If that description sounds a bit foreign to American hunters, it is. In the States, most hog hunting is either incidental to other hunts conducted for game animals like the white-tailed deer or centered around chasing the rooters near key food resources. But across the Atlantic, hunting hogs is based upon the long-standing European tradition of driven shoots where drivers clad in hunter-safety orange make their way through the woods, pushing game toward hunters waiting in elevated stands.
Add in the driven hunt’s need for proper sexing of boars — only mature male boars are sought — not to mention the sights and sounds of game suddenly appearing on the run in the colorful autumn woods. The result is an adrenaline-charged moment all hunters know and live for, regardless of where they happen to live.
The hog suddenly appears on the run, darting this way and that, bringing the need for a snap decision to safely shoot or not. If the hunter and his guide make the decision to shoot, that moment is immediately followed by the need for a skillful and safe shot, one that humanely dispatches the game animal destined for the table.
“Driven boar hunting is completely different than hog hunting in America," said Petrie. "Here, we're on a stand and working with beaters and dogs who are pushing boars by your stand, whereas in America, hog hunting is about eradication, so it's (about) shooting everything and not being as mindful about shot placement and sexing and sizing (of hogs) as we are here.
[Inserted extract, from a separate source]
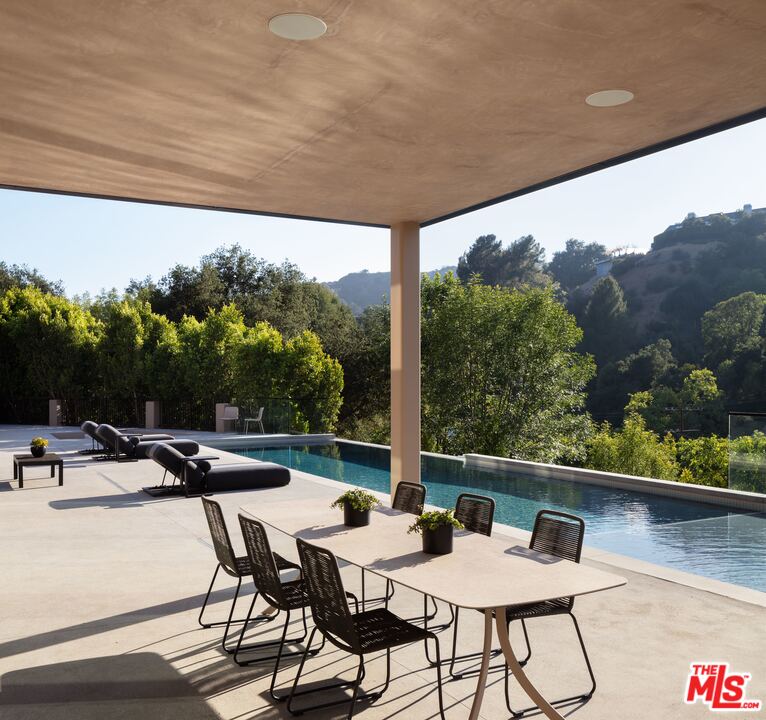 2600 Hutton Drive Beverly Hills, CA 90210 - Photo 10 of 29 a view of a patio with a table chairs and a backyard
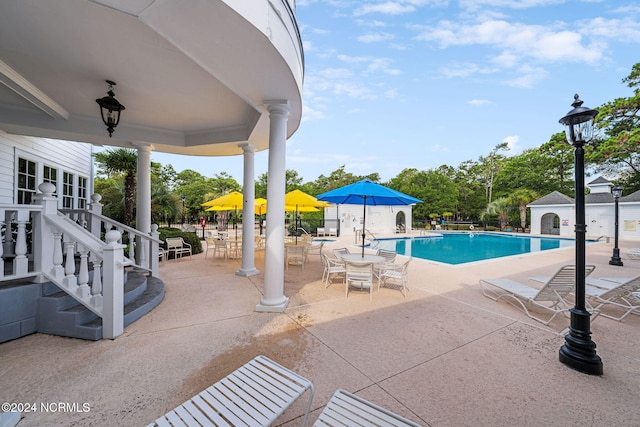 view of pool with a patio and an outdoor structure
It makes it more difficult.”
It certainly isn’t easy in Europe or America, but Oettingen-Spielberg seems to make it look otherwise thanks to his cool demeanor and deadly accuracy with a Sauer 404 bolt-action rifle.
In one rapid-fire sequence in the season-opening episode, Franz quietly shouldered his rifle as a wild hog appeared in the woods, turning loose an accurate Hornady round that quickly anchored the rooter as it ran.
Moments later, another big boar appeared, bringing the same result after a quick follow-up shot was sent downrange. And before the wisp of smoke had barely finished curling away from the warm steel of Franz’s rifle barrel, the process was repeated for a third time in a matter of mere seconds.
”When you're hunting with the Michael Jordan of wild boar hunting, four shots ... that's probably four boars on the ground,” said Petrie with another grin.
Well, even basketball’s all-time great occasionally missed, and so did Franz along with the others. But the whole point of a driven shoot is essentially the same as it is in America — taking meat for the table while effectively managing the number of game animals on a particular piece of ground, keeping them within the carrying capacity of the land.
Add in the deep traditions of European hunters that have been going on for hundreds of years, and the result is an experience that moves the senses thanks to the rich colors of the autumn woods, the smell of the muddy turf, the sounds of the hunting horn and hounds in the forests, and the thrill of the chase as game suddenly appears.
Follow that up with reverent honor for a downed game animal, the preparing of that animal for the table, and the enjoyment of good food and drink with fellow hunters, family, and friends and getting a case of Wild Boar Fever is an almost certain result.
Whether you’re a newbie like Petrie or a seasoned veteran like Franz.
Because he’s out there, the wild boar you’re dreaming of, no matter which side of the Atlantic you find yourself hunting upon.